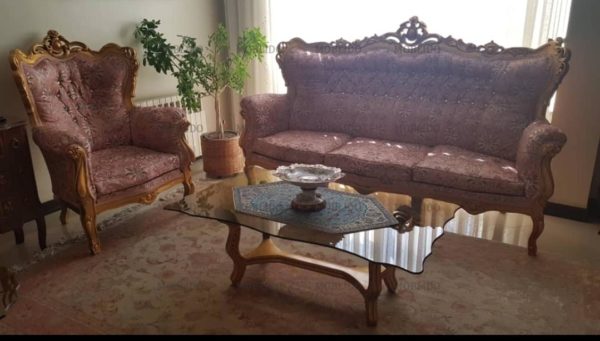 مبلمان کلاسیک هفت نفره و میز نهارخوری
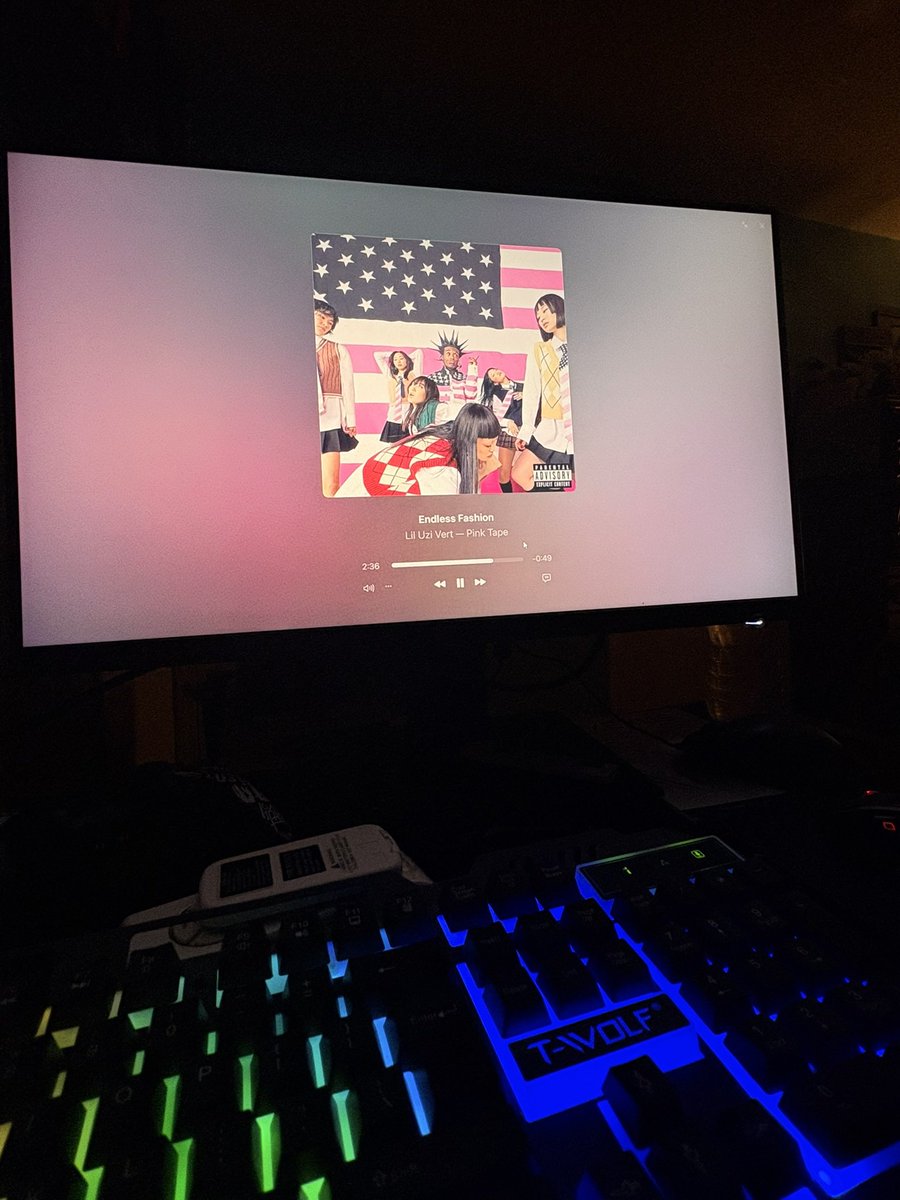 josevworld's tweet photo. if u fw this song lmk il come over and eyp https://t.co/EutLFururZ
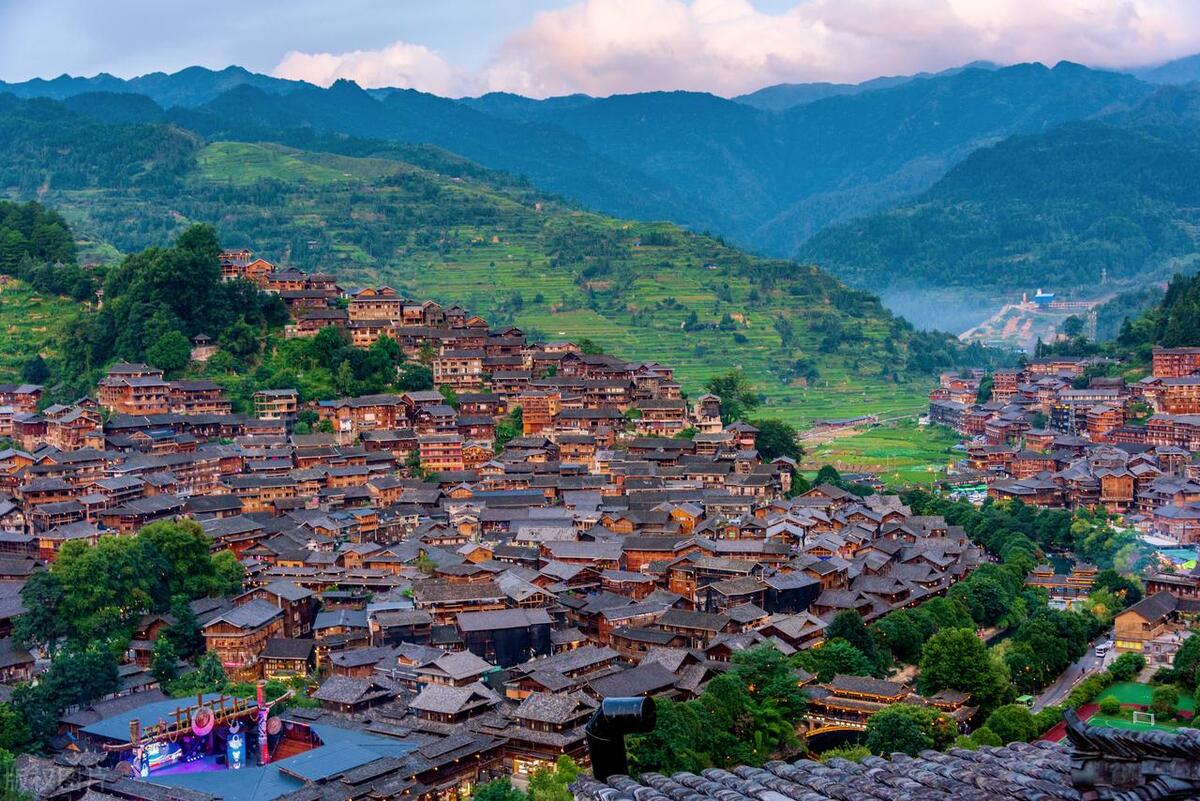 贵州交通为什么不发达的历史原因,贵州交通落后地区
────────────────────────────────────────
Where the line containing "josevworld's tweet photo." appears above, start there and set down each line exactly through the last line of the data; leave out every picture.

ANSWER FOR THE TASK>
 josevworld's tweet photo. if u fw this song lmk il come over and eyp https://t.co/EutLFururZ
 贵州交通为什么不发达的历史原因,贵州交通落后地区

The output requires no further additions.